The figure above shows a microstrip phase shifter, circa 1969, invented by Robert Felsenheld. While others were at Woodstock skinny-dipping and watching Canned Heat's Alan Wilson croak out "Going up the Country", Felsenheld was working at ITT in Nutley, New Jersey and writing up this patent. What's left of ITT Nutley is now part of Harris, if you like to keep track of old nameplates. The phase shifter is a four-bit digital unit, using switched series lines. It probably provides more of a true time delay than a constant phase shift over frequency, but you would have to analyze what the loading effects of path ACB are on the main path when diodes CR1 and CR8 are switched in. One funny thing about the image is that the draftsman did not understand that capacitors C6, C7, C8 and C10 should be in shunt with the bias lines, not in series. Felsenheld was a graduate of Lafayette College, and went on to form a manufacturer's rep company; he passed away in 2015. Alan Wilson (Canned Heat) died in 1970 at the age of 27 after overdosing on barbiturates. Engineers generally live a lot longer than musicians, which allows the IEEE to offer lower life insurance premiums to members. Hey, that almost sounds like they are paying us for an advertisement!

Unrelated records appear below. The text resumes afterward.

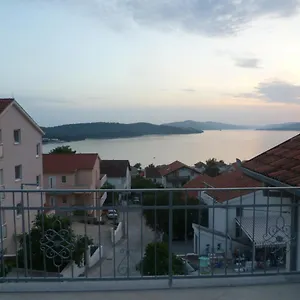 Jana , Trogir Chorwacja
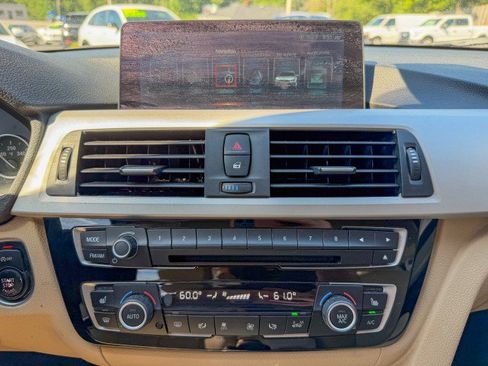 Used 2017 BMW 320i Sedan RWD image 11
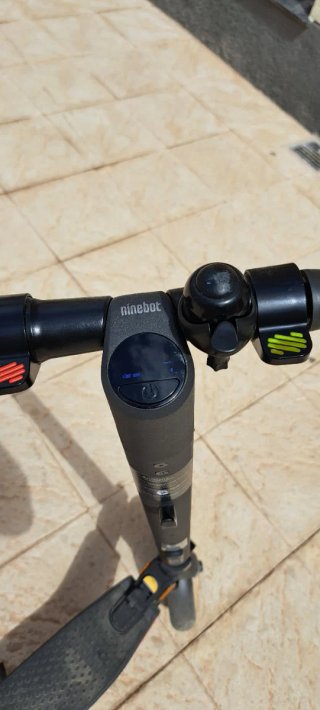 Patinete Eléctrico Segway Ninebot E25E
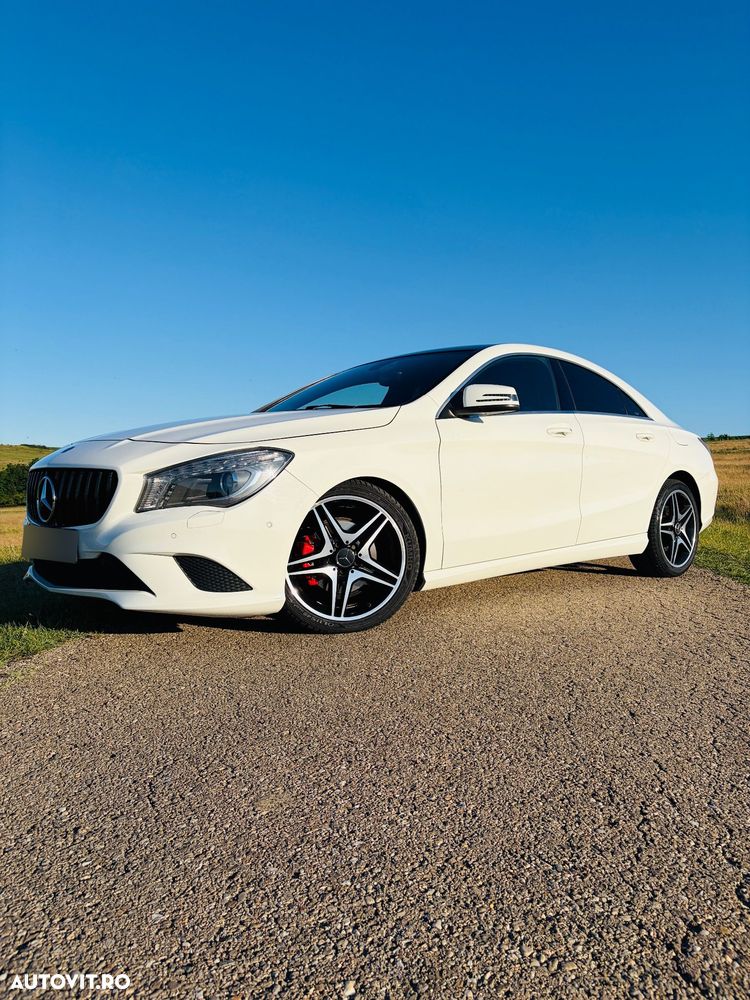 Mercedes-Benz CLA 200 Shooting Brake 7G-DCT AMG Line - 16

Below is an outline of all of our material on phase shifters. This collection of material is easily the best free phase shifter resource on the planet, and it keeps getting better.
Check out the Phase Shifter Search Tool (on everything RF) if you are looking to buy a phase shifter.
On this page we have:
MEMS phase shifters (proceed with caution...)

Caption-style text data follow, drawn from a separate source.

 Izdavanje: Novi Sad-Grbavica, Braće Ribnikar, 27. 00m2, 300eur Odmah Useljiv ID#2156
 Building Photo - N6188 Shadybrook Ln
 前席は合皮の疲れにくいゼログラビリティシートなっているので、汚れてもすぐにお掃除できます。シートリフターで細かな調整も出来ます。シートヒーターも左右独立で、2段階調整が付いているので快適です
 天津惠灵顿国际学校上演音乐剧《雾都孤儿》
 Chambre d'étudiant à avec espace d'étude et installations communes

Other Microwaves101 phase shifter pages include:
An important characteristic of phase shifters (We recommend that you read this first!)
Types of phase shifters
180 degree hybrid phase shifters (such as rat-races)
Reflection phase shifters using circulators (coming soon)
Related to phase shifters
Time delay units (TDUs)
RMS error calculations
RMS amplitude and phase errors (covers attenuators and phase shifters)
Phase shifter design examples
MMIC phase shifter examples
Applications of phase shifters
Residual phase noise measurement (coming soon)
Phase shifters are used to change the transmission phase angle (phase of S21) of a two-port network and they have four important characteristics. The first is insertion loss (or gain). Ideally, phase shifters provide low insertion loss in all phase states. While the loss of a phase shifter is often overcome using an amplifier stage, lower insertion loss phase shifters require less amplification and lower power to overcome the losses. The second important characteristic is phase shifters have equal amplitude for all phase states. Many systems using phase shifters must not experience amplitude changes in signal level as phase states are changed. The third important characteristic is that most phase shifters are reciprocal networks. This means they work effectively on signals passing through them in either direction. These three characteristics are used to describe the electrical performance of phase shifters. The fourth characteristic is whether they provide flat phase versus frequency, or true time delay. Read more about this important characteristic of phase shifters.
Other important characteristics of any microwave device are its usable bandwidth, and its power handling; we didn't call them out as they are not specific to phase shifters. Read about one case study on phase shifter power handling here.
Phase shifters can be controlled electrically, magnetically or mechanically. Most of the phase shifters described on this web site are electronically-controlled, passive reciprocal networks
While the applications of microwave phase shifters are numerous, perhaps the most important application is within a phased array antenna system (a.k.a. electrically steerable array, or ESA). In these systems, the phases of a large number of antenna elements are controlled to force the electromagnetic wave to add up at a particular angle to the array. For this very purpose, phase shifters are often embedded in TR modules. The total phase variation of a phase shifter need only be 360 degrees to control an ESA of moderate bandwidth. Networks that stretch phase more than 360 degrees are often called time delay bits or true time delays (part of a TDU), and are constructed similar to the switched line phase shifters that are described below.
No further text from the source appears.